## DATA SEGMENT
________________________

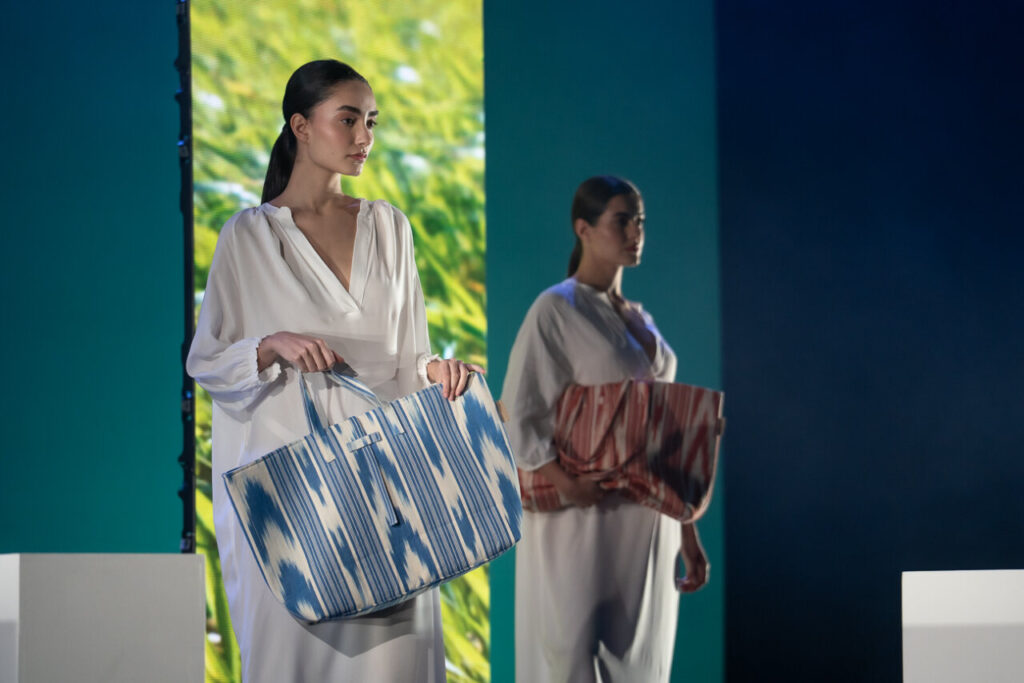 Modelos presentan diseños de moda artesana en pasarela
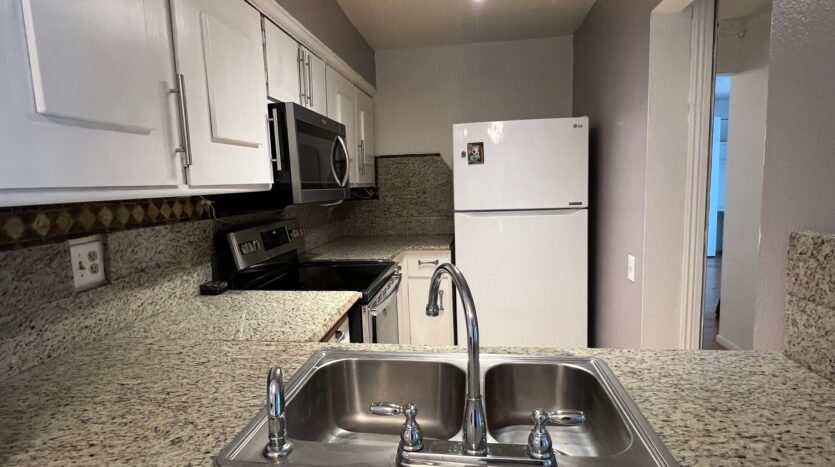 8043 Caminito De Pizza Unit B - San Diego - California - 1 bath rental property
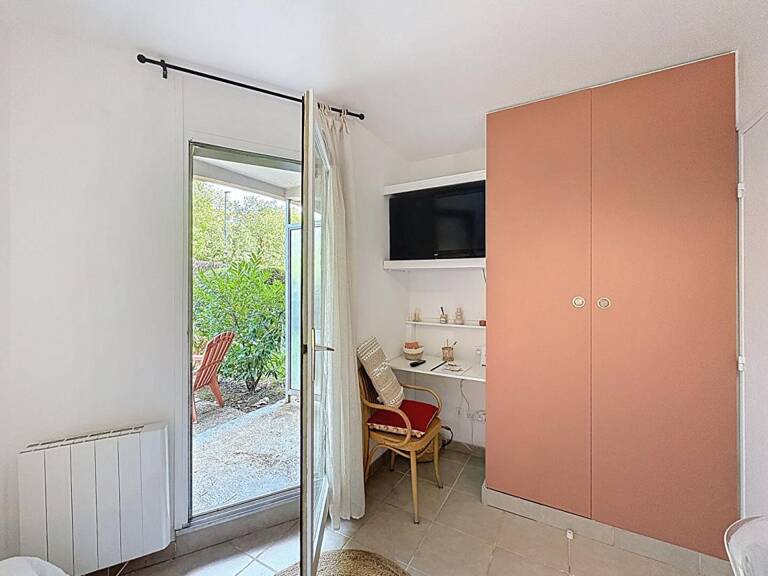 Appartement Greoux Les Bains / jardinet — photo 1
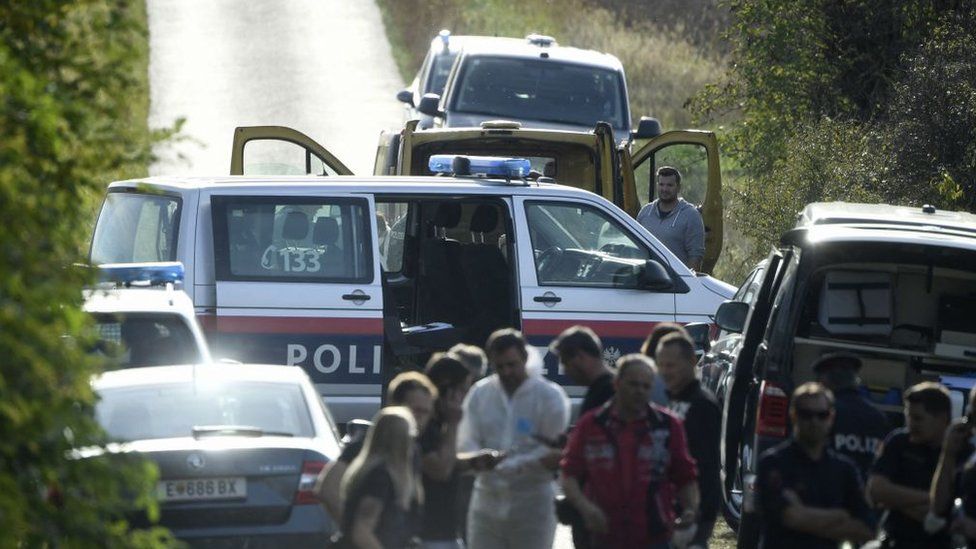 Tragjedia, emigrantët e rinj gjenden të vdekur në minibus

________________________

## WHAT YOU SHOULD DO
Leave out the pictures and give the listing above again exactly.

## TASK OUTPUT
 Modelos presentan diseños de moda artesana en pasarela
 8043 Caminito De Pizza Unit B - San Diego - California - 1 bath rental property
 Appartement Greoux Les Bains / jardinet — photo 1
 Tragjedia, emigrantët e rinj gjenden të vdekur në minibus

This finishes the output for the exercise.